It was the day of the 'Plexit'. According to Lubach (NPO1) that means: the departure of Ronald Plasterk. The informateur submitted his report to the House of Representatives as the conclusion of his failed attempt at cabinet formation. At the talk show tables, the interpreters could choose who would get the wind from the front.
In the Eight o'clock news and with On 1 (NPO 1) that was formation partner Pieter Omtzigt. The surprise of the report was that Omtzigt had already said in the beginning that he did not want to join a government with Geert Wilders. Why then had they kept talking for months? Omtzigt did not want to justify himself and avoided his responsibility, the investigators found.
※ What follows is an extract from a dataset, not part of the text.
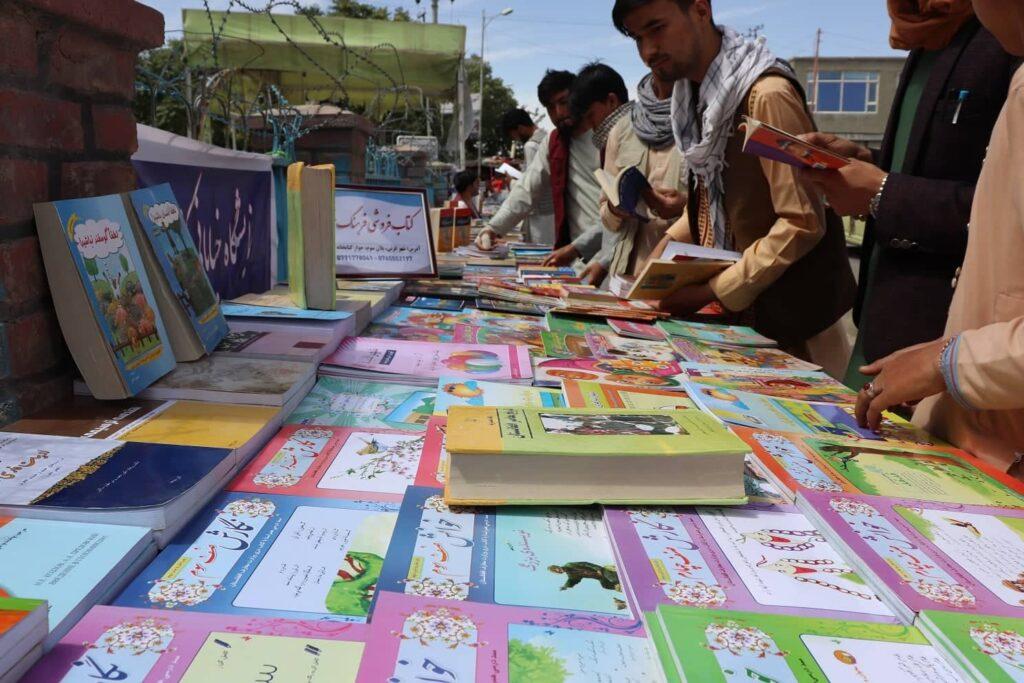 3-day roadside book fair launched in Ghazni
The table of Humberto (RTL4), however, understood Omtzigt. He was rightly suspicious of Wilders, thought PvdA leader Frans Timmermans. Sophie & Jeroen (NPO 1) pointed to Plasterk as the culprit. That vain person had come too much to the fore and had taken sides against Omtzigt.
I know, it is important who will govern the Netherlands, but actually the great attention on TV for the formation stuff is rather small and inward-looking. The talk shows could also have talked about US presidential candidate Trump offering Russia to freely invade NATO countries (NOS News: “You bet they are shocked at NATO”). Or about Rafah, the Palestinian city where one and a half million refugees are trapped and which is being bombed by Israel. The disadvantage of this news is that Gaza is relatively far away, this has been going on for months and it is extremely depressing.
Fortunately, there was a Dutch hook on Monday: the court in The Hague banned the government from supplying F-35 parts to Israel. There is a risk that these fighter jets will be used in actions that violate international humanitarian law. Sophie & Jeroen had the boss of Oxfam Novib who had filed the case and a daughter of a man stuck in Rafah, to bring war a little closer.
The Minister of Foreign Trade believed that the court should not be about foreign policy. And it is also difficult, the judge who seems to take the politician's seat in an international conflict in which the Netherlands does not participate. Yet the court did nothing more than hold the government to its self-imposed laws.
Justice
Nigerian widow Esther Kiobel also came to The Hague to seek justice. She filed a lawsuit against Shell here because the company was allegedly complicit in the death of her husband. The widow is the subject of the documentary Esther & the law, the case against Shell (NPO 2).
In 1995, her husband Barinem Kiobel and eight others were executed by the then Nigerian regime. As a high-ranking official, he stood up for his people, the Ogoni, who rebelled against Shell. According to Kiobel, three other widows and Amnesty International, the regime acted in close cooperation with Shell. The multinational denies this.
The documentary follows Esther Kiobel in the court in The Hague, on her trip to Nigeria where she looks for witnesses and in her hometown of Dallas where she borrows a thousand dollars from a bank at exorbitant interest rates. It's a side path, but I still want to know how it ends.
Esther & the law is a portrait of a militant woman who has experienced terrible things but does not leave it at that. This emphasis on her person has the disadvantage that you are left with many questions about the case. The judge rejects the claims due to lack of evidence. And the viewer has not seen that evidence either. It turns out to be difficult to get your rights in a completely different country so many years later.